On Wed, Nov 5, 2008 at 11:11, <[EMAIL PROTECTED]> wrote:
> hi,
> I'm administering a server running apache/mod_perl.
> it runs a lot of old web applications who write to STDERR (print
> STDERR "log message...";).
> as they are a large number for me is a problem to find where the code
> is located, but I see a lot of lines of debugging in my apache error
> log.
> first of all I redirect all the debug messages to a new file putting
> the following line of code in global.asa Script_OnStart:
> open (STDERR, ">>/path/to/debug/log/file");
> what I'm not able to do is to automatically prepend the date to every
> entry in the debug log file (obviously without finding every print in
> the code....).
> any idea? maybe some parameters to pass to open?
snip
Well, it is a bit of a nasty hack, but you could say something like
#!/usr/bin/perl
use strict;
use warnings;
#open STDERR to a pipe to a Perl script that
#prepends the executable's name to every line
#and appends the line to a logfile
open STDERR, "|-", "perl -pe 's/^/$0 /' >> logfile"

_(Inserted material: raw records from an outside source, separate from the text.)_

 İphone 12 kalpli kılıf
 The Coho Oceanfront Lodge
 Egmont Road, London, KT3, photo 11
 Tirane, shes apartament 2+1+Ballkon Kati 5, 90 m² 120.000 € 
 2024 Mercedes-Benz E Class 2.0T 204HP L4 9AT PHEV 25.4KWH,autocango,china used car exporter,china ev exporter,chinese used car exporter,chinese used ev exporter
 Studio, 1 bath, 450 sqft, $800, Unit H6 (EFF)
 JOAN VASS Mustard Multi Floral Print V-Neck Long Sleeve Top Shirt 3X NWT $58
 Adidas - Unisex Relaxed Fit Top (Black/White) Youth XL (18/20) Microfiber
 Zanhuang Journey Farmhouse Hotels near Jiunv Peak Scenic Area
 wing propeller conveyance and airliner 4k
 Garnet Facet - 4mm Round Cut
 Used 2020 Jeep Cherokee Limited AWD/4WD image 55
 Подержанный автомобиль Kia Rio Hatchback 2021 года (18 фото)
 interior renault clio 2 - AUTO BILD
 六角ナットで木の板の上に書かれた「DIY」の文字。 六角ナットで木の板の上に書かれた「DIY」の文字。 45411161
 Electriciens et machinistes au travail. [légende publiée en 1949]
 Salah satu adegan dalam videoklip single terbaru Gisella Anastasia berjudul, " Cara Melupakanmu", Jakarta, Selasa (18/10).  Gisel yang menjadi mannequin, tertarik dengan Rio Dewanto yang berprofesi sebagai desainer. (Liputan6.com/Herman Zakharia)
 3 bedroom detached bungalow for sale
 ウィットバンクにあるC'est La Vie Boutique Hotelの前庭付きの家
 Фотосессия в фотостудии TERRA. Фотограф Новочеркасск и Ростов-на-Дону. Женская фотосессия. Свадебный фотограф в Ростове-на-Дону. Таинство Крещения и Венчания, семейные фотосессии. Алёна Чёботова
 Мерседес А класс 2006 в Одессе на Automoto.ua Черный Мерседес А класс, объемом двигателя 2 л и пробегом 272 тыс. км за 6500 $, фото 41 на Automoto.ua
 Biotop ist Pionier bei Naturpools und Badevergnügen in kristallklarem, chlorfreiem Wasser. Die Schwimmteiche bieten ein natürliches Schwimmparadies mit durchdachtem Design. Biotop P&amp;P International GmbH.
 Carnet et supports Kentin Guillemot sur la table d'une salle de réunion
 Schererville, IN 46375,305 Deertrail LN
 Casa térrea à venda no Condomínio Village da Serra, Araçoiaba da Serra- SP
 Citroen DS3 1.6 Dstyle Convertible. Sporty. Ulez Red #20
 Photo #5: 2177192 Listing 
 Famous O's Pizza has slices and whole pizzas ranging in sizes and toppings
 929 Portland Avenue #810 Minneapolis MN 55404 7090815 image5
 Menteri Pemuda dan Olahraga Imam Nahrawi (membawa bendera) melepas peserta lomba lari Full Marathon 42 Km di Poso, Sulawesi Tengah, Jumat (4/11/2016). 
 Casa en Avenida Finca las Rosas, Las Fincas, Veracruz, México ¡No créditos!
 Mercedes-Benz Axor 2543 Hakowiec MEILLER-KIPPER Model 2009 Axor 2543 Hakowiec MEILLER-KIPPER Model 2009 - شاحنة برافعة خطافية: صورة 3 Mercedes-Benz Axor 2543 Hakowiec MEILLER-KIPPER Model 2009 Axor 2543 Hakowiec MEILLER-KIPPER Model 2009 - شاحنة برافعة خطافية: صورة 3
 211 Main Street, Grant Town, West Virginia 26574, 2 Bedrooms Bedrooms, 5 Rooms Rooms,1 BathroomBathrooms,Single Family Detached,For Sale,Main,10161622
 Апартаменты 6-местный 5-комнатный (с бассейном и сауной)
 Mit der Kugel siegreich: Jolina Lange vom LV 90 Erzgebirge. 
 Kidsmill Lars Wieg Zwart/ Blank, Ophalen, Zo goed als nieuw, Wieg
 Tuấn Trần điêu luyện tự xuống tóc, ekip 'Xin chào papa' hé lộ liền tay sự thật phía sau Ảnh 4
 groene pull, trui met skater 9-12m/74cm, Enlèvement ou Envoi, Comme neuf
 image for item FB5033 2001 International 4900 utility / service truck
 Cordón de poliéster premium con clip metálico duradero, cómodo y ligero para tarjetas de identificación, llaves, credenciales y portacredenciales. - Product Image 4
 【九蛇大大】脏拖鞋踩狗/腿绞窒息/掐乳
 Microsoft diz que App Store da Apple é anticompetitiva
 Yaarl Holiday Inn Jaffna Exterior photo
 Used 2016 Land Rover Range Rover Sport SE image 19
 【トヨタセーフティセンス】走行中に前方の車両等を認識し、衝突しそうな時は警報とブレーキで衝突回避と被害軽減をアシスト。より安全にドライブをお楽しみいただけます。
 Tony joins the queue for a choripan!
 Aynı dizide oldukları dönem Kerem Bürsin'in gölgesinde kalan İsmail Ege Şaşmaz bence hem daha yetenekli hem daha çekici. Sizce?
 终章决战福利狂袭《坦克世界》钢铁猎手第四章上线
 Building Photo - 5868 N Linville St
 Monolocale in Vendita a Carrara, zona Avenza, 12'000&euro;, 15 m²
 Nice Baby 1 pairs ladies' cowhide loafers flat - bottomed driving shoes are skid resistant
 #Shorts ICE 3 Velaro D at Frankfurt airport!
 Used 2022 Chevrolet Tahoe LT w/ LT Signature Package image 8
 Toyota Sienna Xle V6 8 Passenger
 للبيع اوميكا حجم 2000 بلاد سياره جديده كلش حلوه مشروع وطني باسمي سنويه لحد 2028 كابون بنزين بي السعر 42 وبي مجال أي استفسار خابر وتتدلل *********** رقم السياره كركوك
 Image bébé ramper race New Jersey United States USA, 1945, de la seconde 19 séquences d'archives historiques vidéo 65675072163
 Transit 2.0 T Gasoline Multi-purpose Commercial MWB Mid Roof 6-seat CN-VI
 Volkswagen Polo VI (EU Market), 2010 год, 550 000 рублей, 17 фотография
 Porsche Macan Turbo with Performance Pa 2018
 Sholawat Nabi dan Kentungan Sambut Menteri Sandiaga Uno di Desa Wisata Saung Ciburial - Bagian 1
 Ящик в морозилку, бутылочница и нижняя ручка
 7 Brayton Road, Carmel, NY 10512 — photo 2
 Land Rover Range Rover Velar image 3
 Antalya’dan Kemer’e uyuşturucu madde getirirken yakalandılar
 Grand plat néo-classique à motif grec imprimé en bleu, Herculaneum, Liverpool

or die "could not open logfile: $!";
print STDERR "test1\n";
print STDERR "test2\n";
print STDERR "test3\n";
But you really should be using a standard logging function or module
instead. I know it is a pain to retrofit the code, but it really is
the right answer in the long term.
--
Chas. Owens
wonkden.net
The most important skill a programmer can have is the ability to read.